So much has changed for our family in the last couple weeks. Taylynn has begun to grow up.
Life with three babies is no longer; I officially have a big girl.
It started off pretty innocent with soccer, then it went to starting AWANA and now PRESCHOOL. Why does this all have to happen at once?
It does help that Aaron is her soccer coach and I am there for the practices and games. For AWANA we drop her off and leave her :( The same thing goes for preschool. It's like she now has this life that I am not involved in. She is doing things without me :(
I am a very attached mother, probably a bad thing, but this time is so short. I actually haven't cried about it yet, but writing this I might. When Taylynn was a baby going out on a date without her wasn't much fun because I would miss her and want to be with her. I took her with me everywhere, she loved it as much as I did.
The only times I have dropped her off regularly were twice a month for MOPS, last year once a week for Bible Study Fellowship and the nursery at church. The difference was I stayed in the building and I could go check on her at anytime. Now with Preschool the teachers take her right from the car. I know some of what goes on in preschool, but I don't know about that cute little comment Taylynn made, or what color she told her teachers she liked, or what fun toy she played with. She now knows things I don't. She is independent and a big girl.
I pray that I have raised her to be sweet and kind and treat others with love and respect. This is just the start of when she takes what she has learned from home into the big world. It doesn't matter if she can count and identify her abc's. What matters is her attitude and how she treats others. The preschool she is going to is a preschool for children with disabilities. Taylynn is a peer model so it is important to the preschool that she is gentle and kind. I love that she is exposed to all types of children at a young age. I think this will teach her early on to love all and treat everyone the same.
But still I wish she was here with me. It is nice to not break up a fight between Taylynn and Preston every 5 minutes, but I miss her. I know I am only away from her for 2 hours and 45 minutes, but this is just the start. In a couple years she'll be going to school all day, then the next thing I know she'll be getting married (oh wait she already got married last week, pictures to come) But really fall in love and give her heart away and probably get it broken a few times. I am not sure how to handle this, but I know it has to happen until she finds this man I have been praying for, this guy that God has made for Taylynn.

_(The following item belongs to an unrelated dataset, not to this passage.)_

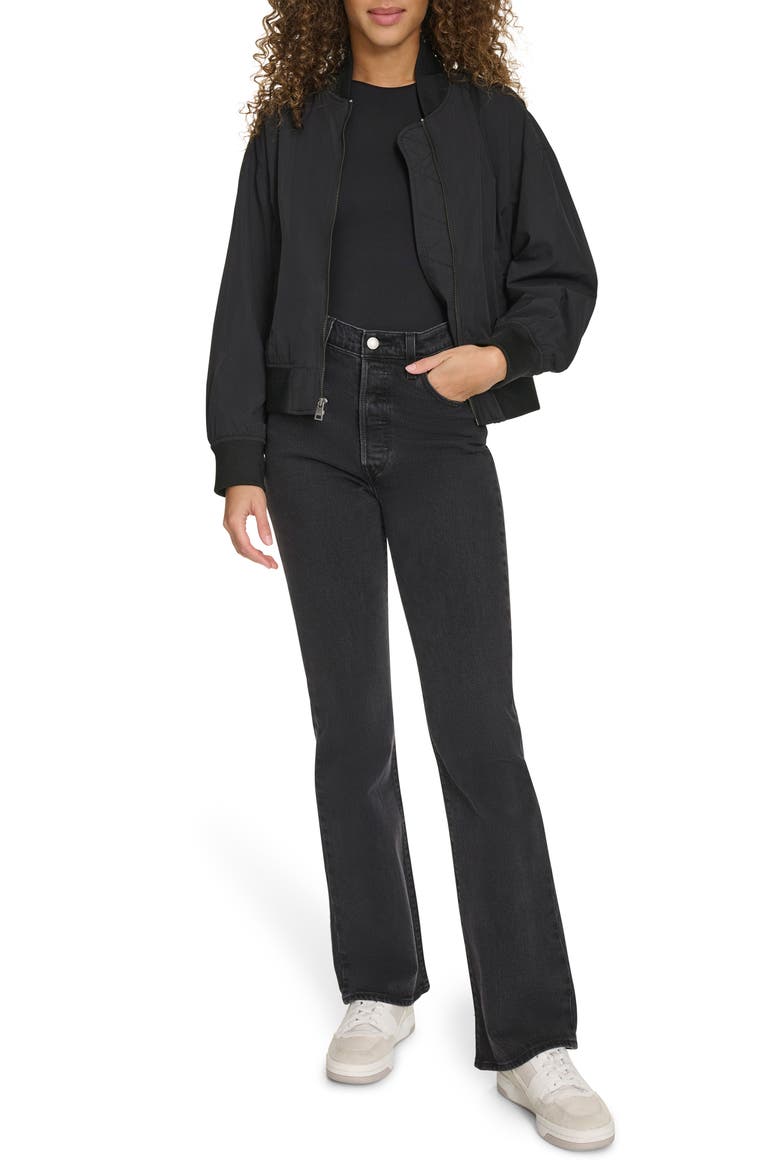 Relaxed Bomber Jacket, Alternate, color, BLACK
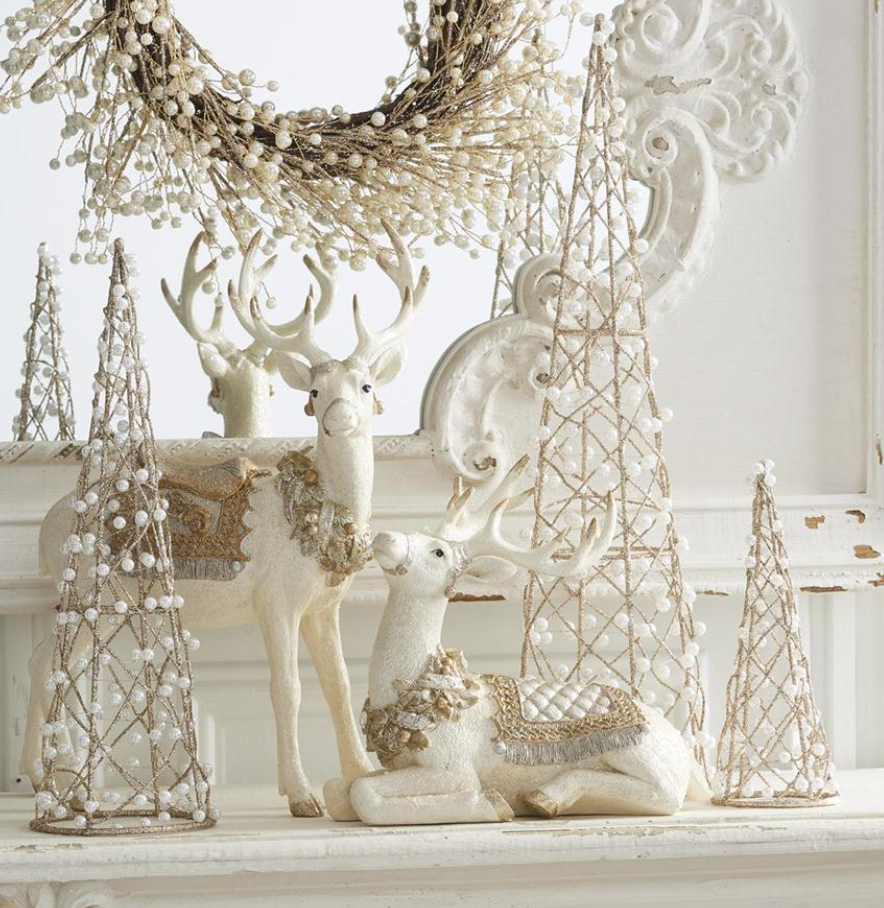 Glittered Cream Gold & Silver Resin Reindeer (Various Styles)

Anyway, back to the now.........
AWANA is a great outlet to learn more who Jesus is. Taylynn has already memorized some of God's word, the hard part is getting her to understand it. I think the best way to do this is live by example, sounds easy. Not for me, I am far from perfect, but I try hard to be like Jesus and when I fail, I'll confess it and ask for forgiveness even to Taylynn. I would want her to do the same.
She is growing up and I have to slowly let go. She loves school, I always knew she would. I am glad she is happy. That makes the start of goodbye a bit easier.
First Day of school
AWANA
First soccer game- she looks more like the cheerleader in this picture
This is all hard for Preston to, he doesn't want to stay with mommy, he wants to go to soccer, AWANA and school too :(
September 21, 2010
Taylynn-
I know one day you'll be reading this. If you can't already tell I am crazy about you. Crazy in love with you. My life was perfect the moment you were born.
I am already looking back in time wondering how it went so fast.
When I tell you I love you, you'll say back... I love you much! So sweet.
I wish I could hold you forever. Sometimes I just lay down in your bed with you because you have gotten too big to hold. Sometimes when your sleeping I still pick you up and rock you and pray for you.
Your my sweet pea, with a huge personality and I love every piece of you.